Cases Involving Employers’ Policies on Employees’ Use of Social Media
As the report explains, an employer policy on the use of social media is unlawful when the restrictions prevent employees from openly publishing their complaints about a company’s workplace policies or mistreatment of employees. In addition, an employer’s social media policy cannot prohibit employees from using the company name or other information on their social networking profiles without a compelling reason, and even then, the policy must be narrowly tailored to address only the specific reason for the restriction. A policy cannot prevent employees directly or indirectly from putting the company name on leaflets or other paraphernalia to protest their dissatisfaction with their current working conditions.
In three of the four cases reviewed, the Office concluded that employers had implemented overly broad social media policies that restricted what employees could post online, thereby interfering with their rights to engage in protected concerted activity and, thus, violating the NLRA. Those three cases involved: (i) a hospital that prevented employees from using social media in any way that would hinder the privacy and confidentiality expectations of others or posting anything that would embarrass, harass or defame the hospital, hospital employees or members of the hospital; (ii) an employer’s handbook that prohibited employees on their own time from chatting about company business, revealing sensitive information about their employers, or posting comments or pictures involving the company or employees that could be viewed as inappropriate; and (iii) an employer’s policy that prevented employees from using photographs or personal information of coworkers, clients, partners or customers without their prior consent as well as company logos and photos of store, brands or products.
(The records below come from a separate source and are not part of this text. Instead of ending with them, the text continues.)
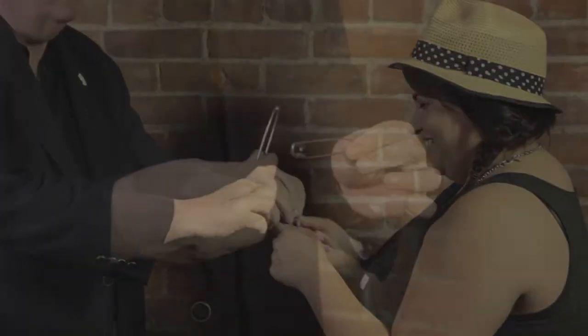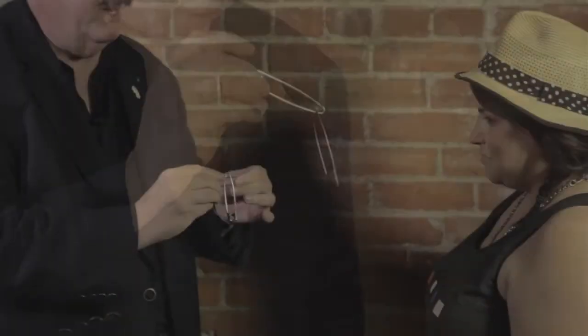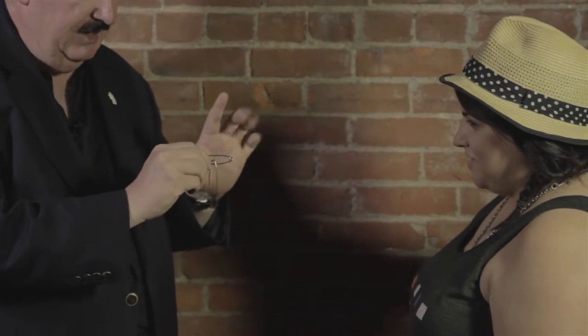Many professionals use a routine where you take ordinary safety pins, link and unlink them by magic, and make them penetrate each other in the spectators' hands. When you perform Pandemonium, you'll create pandemonium in your spectators' minds.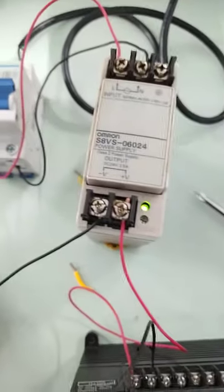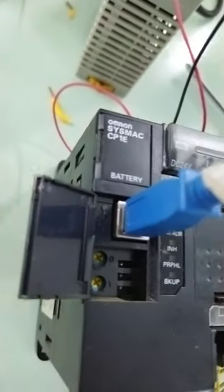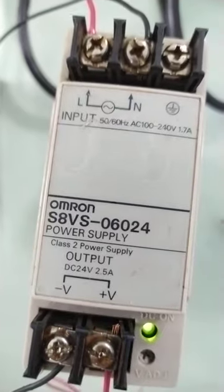Testing another new PLC — this time a CP1E model, specifically the N40DR-D. It uses a USB network connection with a 24-volt power source for the PLC.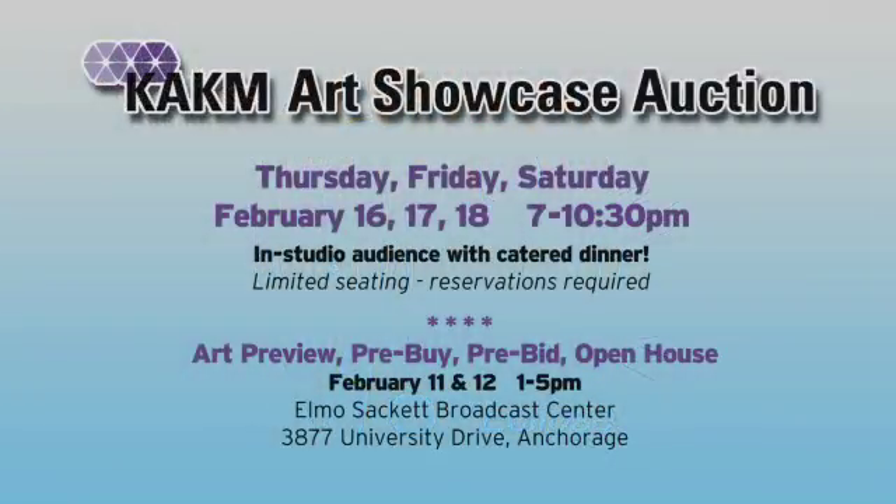It will be featured in the Art Showcase Auction February 16th through the 18th. Join us and learn about my work at the Public Preview, Saturday and Sunday, February 11th and 12th.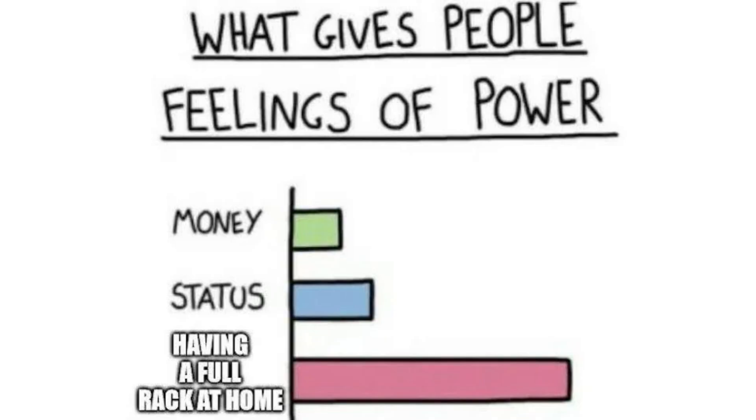I want the sweet spot: powerful, configurable, but not a nightmare to manage. Drop your dream network stacks in the comments. Convince me — fight for your favorite setup like it's a console war. And when I finally do the rebuild, you'll get the full glow-up: from sad little Orbeez to a siren-worthy network that'll make bits flow smoother than my satin sheets. Until then, please don't judge me too hard for my spaghetti cables on the floor of my closet. We've all been there, right?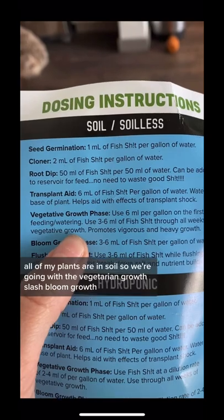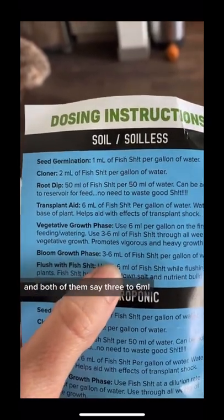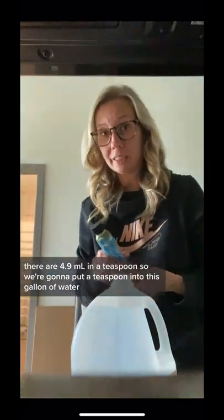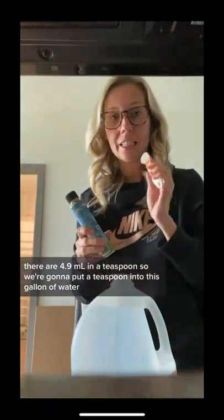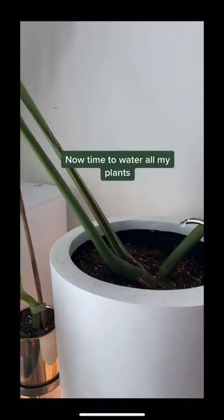All of my plants are in soil, so we're going with the vegetative growth slash bloom growth, and both of them say three to six milliliters. There are 4.9 milliliters in a teaspoon, so we're going to put a teaspoon into this gallon of water. Now time to water all my plants.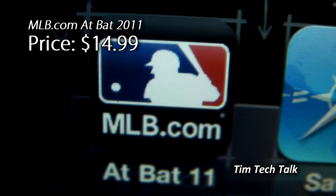Hi, this is Tim from Tim's Tech Talk, and this is my review of MLB at Bat 2011 for the iPhone and iPod Touch.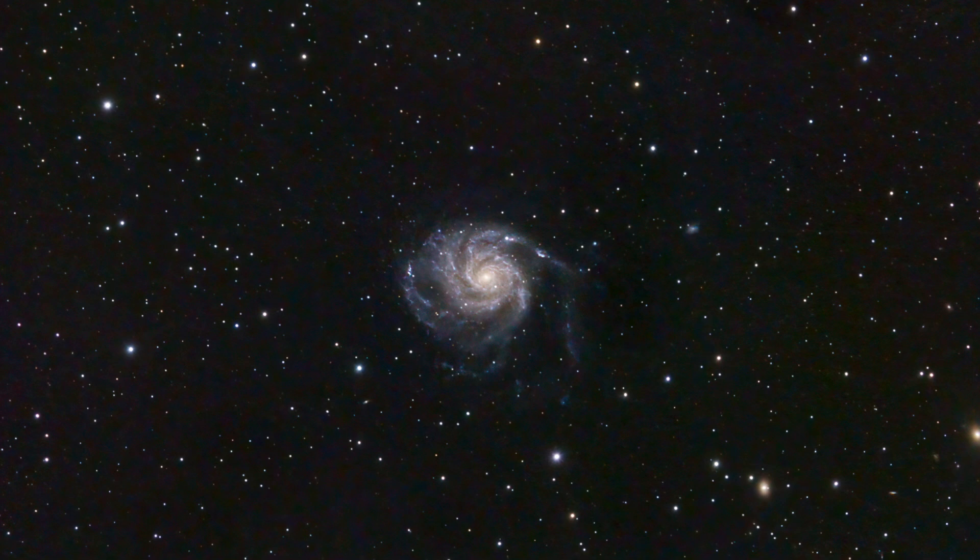I've used this with the Altair Starwave 60ED scope and got some really nice images. I showed these on my previous video but I'm going to show them again here. The first image is the Pinwheel Galaxy — I do want to apologize for the dust motes as I forgot to take flats — but I got two hours of five-minute subs and used no filter other than the built-in UV IR cut filter from the camera, and as you can see it's done a marvelous job.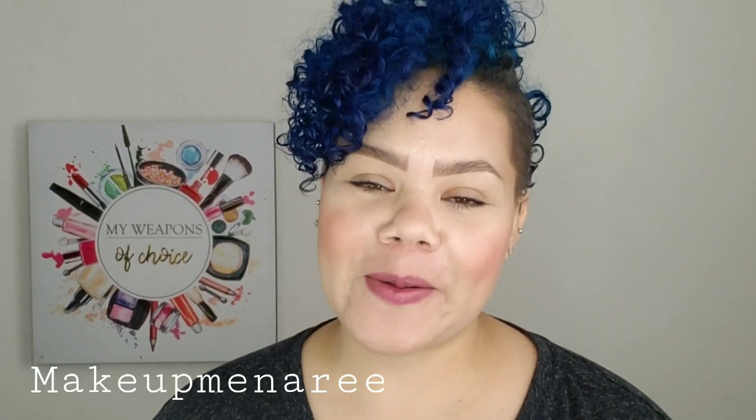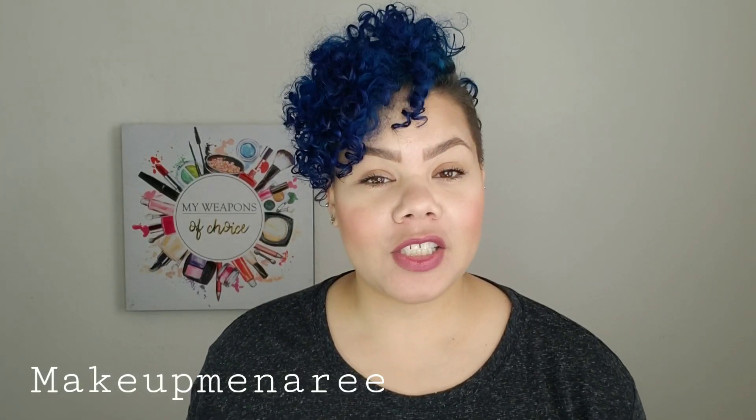Hey everybody, it's Makeup Meena Reed, welcome back to my channel. I wanted to show you guys a quick, easy way to color your hair without using a hair color.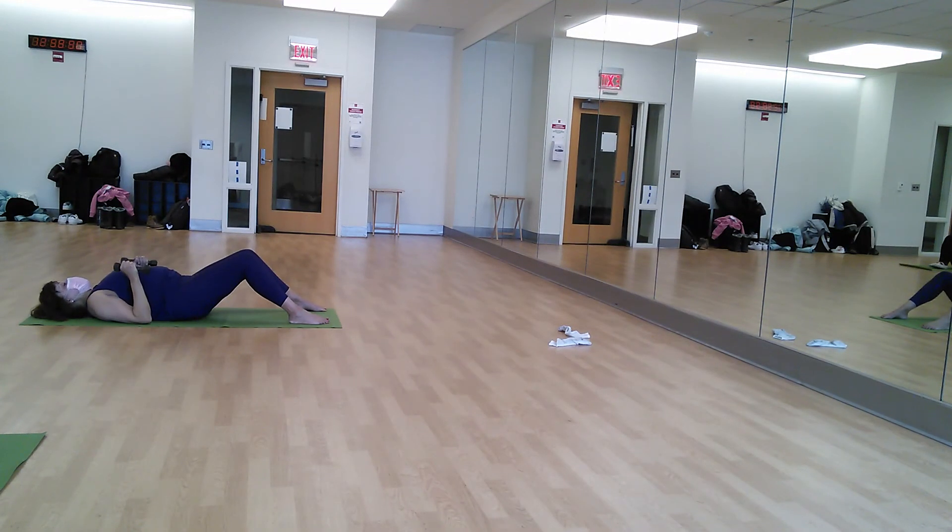We're going to row it in, check it out, and curl for the tri-step. So it's a little tri-off working here too. Here we go. Row. Curl. Row.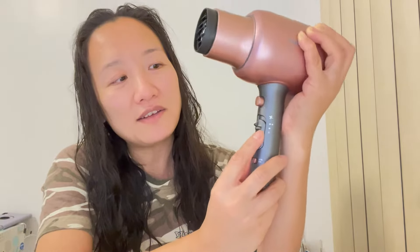This has two sides. On one side you have the cool, the medium heat, and the hot button. And on the other side you have off, on, and very high air mode.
In the fourth case, the employer’s policy restricted employees from speaking with the media and designated the public affairs office of the company to be responsible for all external communications. The Office noted that this policy was considered lawful because it prohibited employees from speaking with the media on behalf of the company. The Office, however, noted that employees do have the right to speak with the media about their terms and conditions of employment, which this policy did not prohibit.
As the report makes clear, the Board will limit the application of employers’ social media policies when they interfere with employees’ right to engage in protected, concerted activity. To ensure their policies comply with the NLRA, employers should tailor their policies to protect the company’s proprietary information and its reputation in commerce. Employers should also review their policies and revise any rules that have blanket prohibitions against employees posting in cyberspace comments about management and their working conditions.